She placed a ball on a one-inch plastic tube, a substitute tee, on the plastic grass pad. She then overswung three times, missing the ball completely. Remember not to muscle the ball, her mother’s ex-boyfriend had said. Don’t force it. Just use the laws of nature and gravity. Ann relaxed and slowed down. Soon she was in a groove and the ball was sailing past the hundred-foot marker.
“Hey, lady, you want more balls?” asked a teenager who was collecting the empty metal buckets at some point.
Ann looked down and saw her bucket was empty. How long had she been taking swings without the ball?
“It works better with balls, you know.”
After the sun went down, Ann decided to return to the massage waiting room. The wooden box was unlocked and the desk clerk was slitting open the tip envelopes with a knife. On top of the reception table were neat stacks of twentydollar bills.

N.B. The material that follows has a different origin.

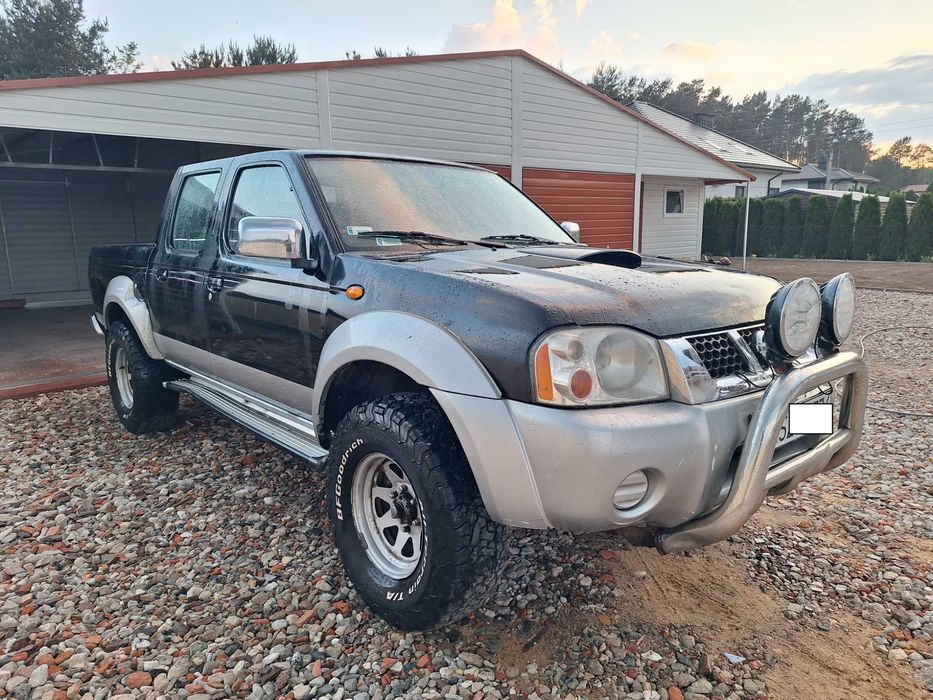 Nissan Navara 2.7 4x4 zdrowa rama pickup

“We closed,” the clerk said, finally noticing Ann. She smiled as if she knew of an inside joke. Her magenta lipstick looked freshly applied.
Ann couldn’t imagine why the clerk needed to looked well-groomed to count money. She figured the clerk must be a higher-up, maybe a manager. “You know that’s their money, not yours.”
“We pay them tomorrow. They will get their money, I assure you.”
Once Ann returned to the apartment, she ate a bowl of tomato soup she had bought from the 99 cents store. It was a brand she had never heard of; the soup, which had the consistency of silt, was a strange crayon orange color. Marie had been right-business had slowed down considerably and now people were leaving their spare change instead of dollar bills for tips. Ann looked for Marie’s cell phone number in her purse and dialed it. A man answered the phone.